## WHAT TO WORK ON
What you need to produce from the material below is an exact transcription of the lines from the one with "Dovleac decorativ verde" through the one with "a bathroom with", both included, and no other line.

--------------------------------

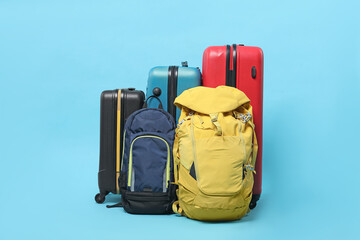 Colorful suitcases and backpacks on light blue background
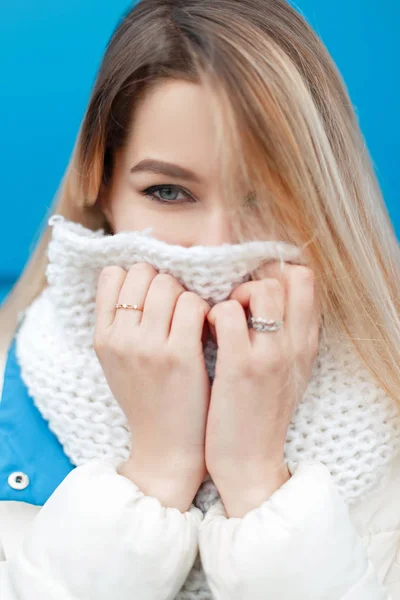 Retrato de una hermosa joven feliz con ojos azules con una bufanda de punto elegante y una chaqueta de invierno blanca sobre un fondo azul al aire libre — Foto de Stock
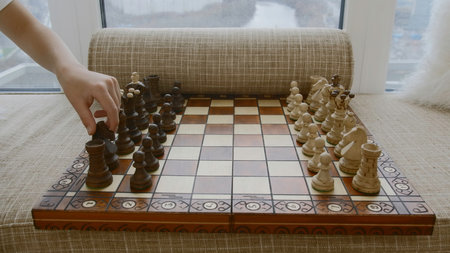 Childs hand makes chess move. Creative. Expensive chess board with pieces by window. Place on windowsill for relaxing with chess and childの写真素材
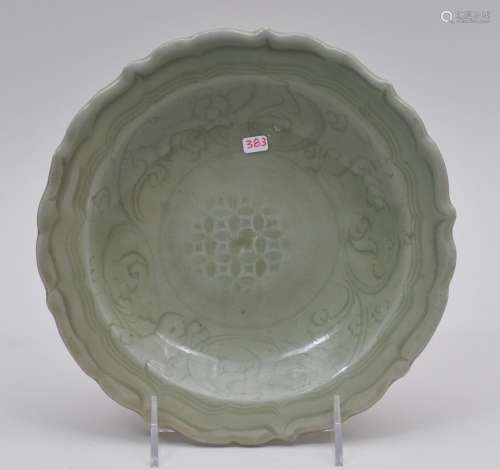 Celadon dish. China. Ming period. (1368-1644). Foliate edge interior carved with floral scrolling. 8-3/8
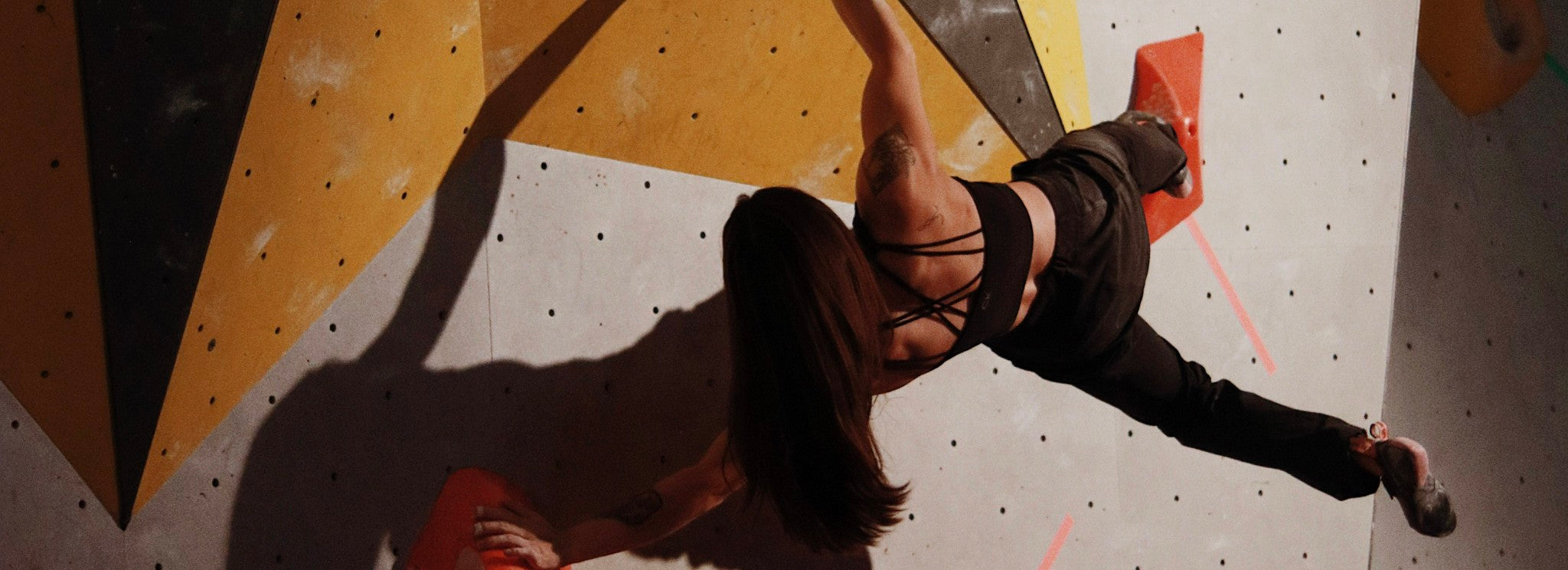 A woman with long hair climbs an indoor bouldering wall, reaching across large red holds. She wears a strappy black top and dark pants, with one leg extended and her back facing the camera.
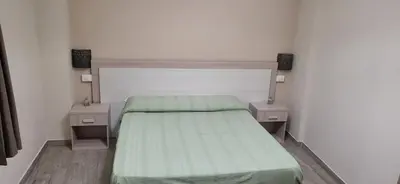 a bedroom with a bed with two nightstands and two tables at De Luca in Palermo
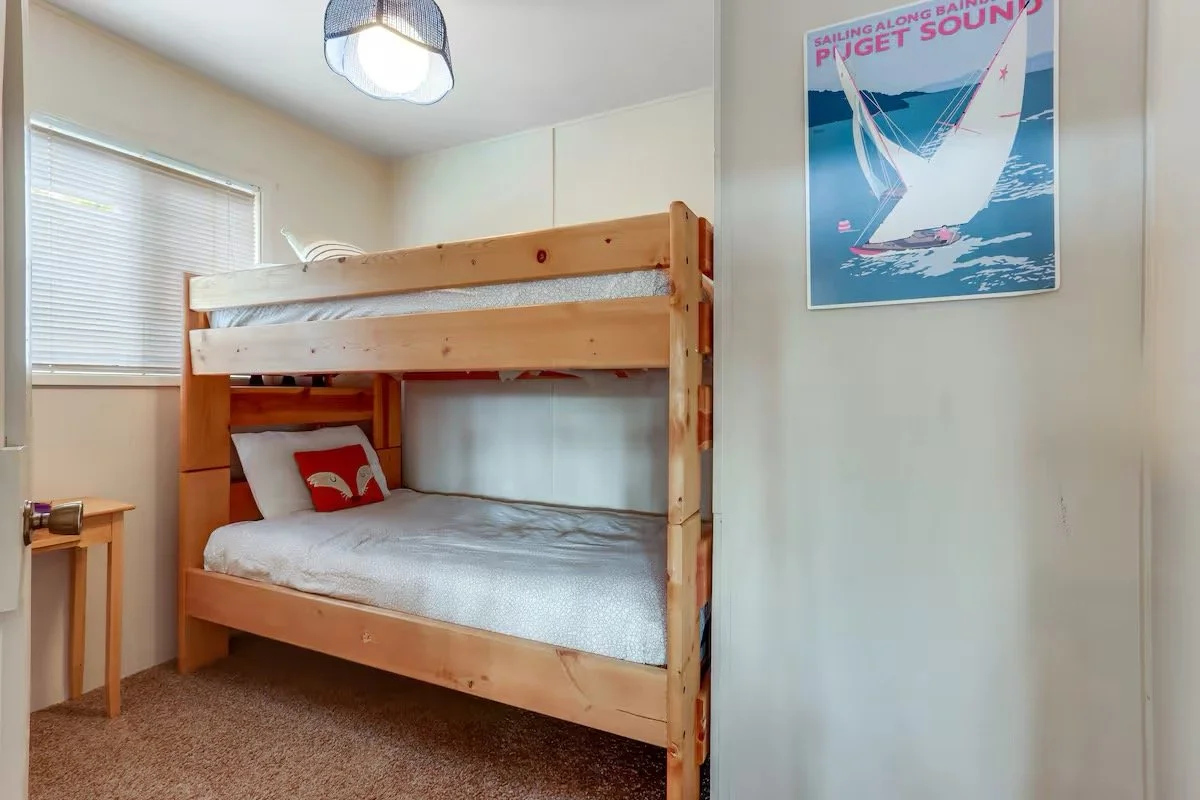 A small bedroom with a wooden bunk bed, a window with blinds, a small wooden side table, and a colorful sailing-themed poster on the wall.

--------------------------------

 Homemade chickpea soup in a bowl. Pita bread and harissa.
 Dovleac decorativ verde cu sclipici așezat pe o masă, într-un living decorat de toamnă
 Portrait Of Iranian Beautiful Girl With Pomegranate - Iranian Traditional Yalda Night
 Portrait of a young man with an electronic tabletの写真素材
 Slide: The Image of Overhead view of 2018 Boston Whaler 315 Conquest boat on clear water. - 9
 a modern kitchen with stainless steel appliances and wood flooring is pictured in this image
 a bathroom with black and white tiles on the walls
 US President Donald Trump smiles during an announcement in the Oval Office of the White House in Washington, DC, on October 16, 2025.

--------------------------------

## TASK RESULT
 Dovleac decorativ verde cu sclipici așezat pe o masă, într-un living decorat de toamnă
 Portrait Of Iranian Beautiful Girl With Pomegranate - Iranian Traditional Yalda Night
 Portrait of a young man with an electronic tabletの写真素材
 Slide: The Image of Overhead view of 2018 Boston Whaler 315 Conquest boat on clear water. - 9
 a modern kitchen with stainless steel appliances and wood flooring is pictured in this image
 a bathroom with black and white tiles on the walls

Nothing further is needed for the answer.